- Interactive map of the New Palace area

General information
- Architectural style: Art Deco
- Location: Morbi, India
- Construction started: 1931
- Completed: 1944
- Client: Mahendrasinhji Lakhdiraji

Design and construction
- Architect: Kumar Ramsinh

= New Palace, Morbi =

Palace in Gujarat, India

The New Palace is a historic palace located in the city of Morbi, India. Built between 1931 and 1944 in the Art Deco style, it was commissioned by the Mahendrasinhji Lakhdiraji.

== Description ==
In 1931, Mahendrasinhji Lakhdiraji commissioned Kumar Ramsinh, a graduate of the Architectural Association and the second Indian partner at Gregson, Batley and King, to design this palace for his personal use. It was designed in the Art Deco style. It was built and furnished between 1931 and 1944. It was executed by the contractors Shapoorji Pallonji.
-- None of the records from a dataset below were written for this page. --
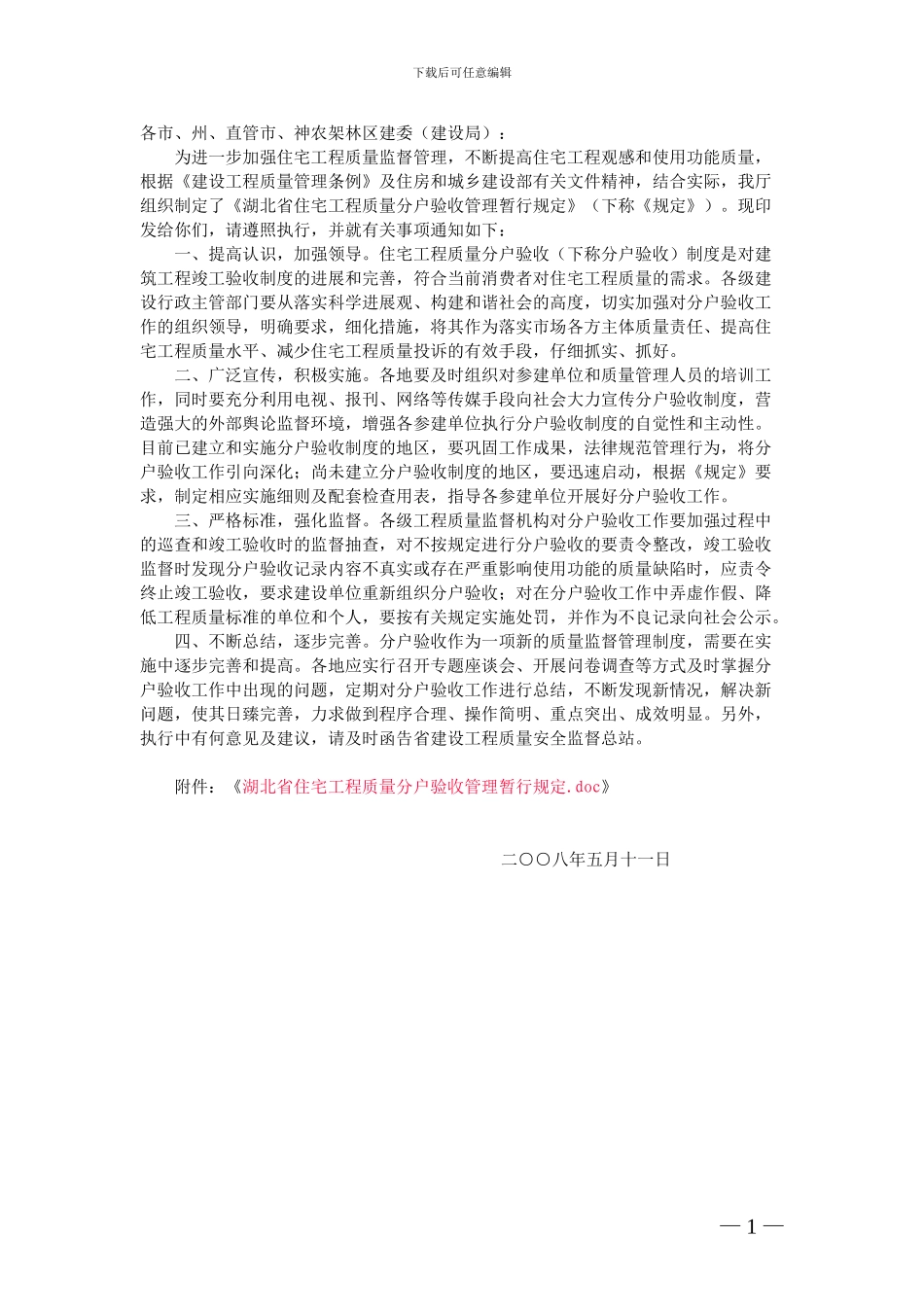 53号-《湖北省住宅工程质量分户验收管理暂行规定》_第1页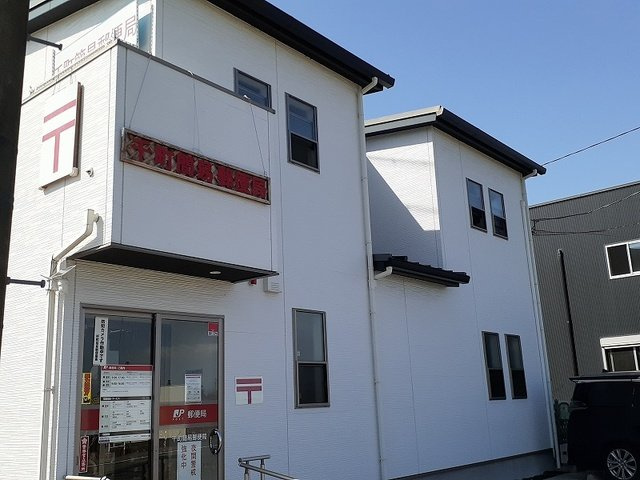 アニメートⅡの周辺|千町簡易郵便局まで750m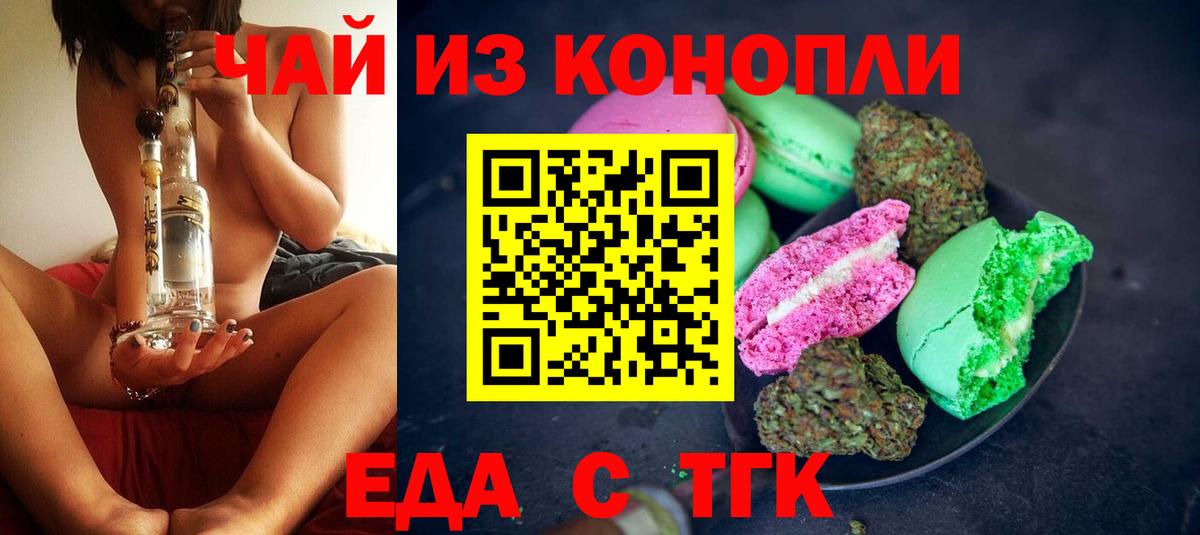 Еда ТГК марихуана Борисоглебск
It has a pink plaster exterior with horizontal lines and curved corners. The interiors include rooms, a lounge with dining booths, two bars with triple-decker cushioned barstools, a gym, and a swimming pool. It has a library with walnut wood paneling and a fireplace. Furniture for it was purchased from a firm based on Tottenham Court Road, London. Mahendrasinhji also commissioned Polish artist Stefan Norblin to beautify the palace interiors with his paintings. Stefan created large murals and canvases featuring hunting scenes, Shiva in prayer, Krishna for Apollo riding his chariot across the sky, portraits of the Mahendrasinhji ancestors, and imagery showcasing the local flora and fauna.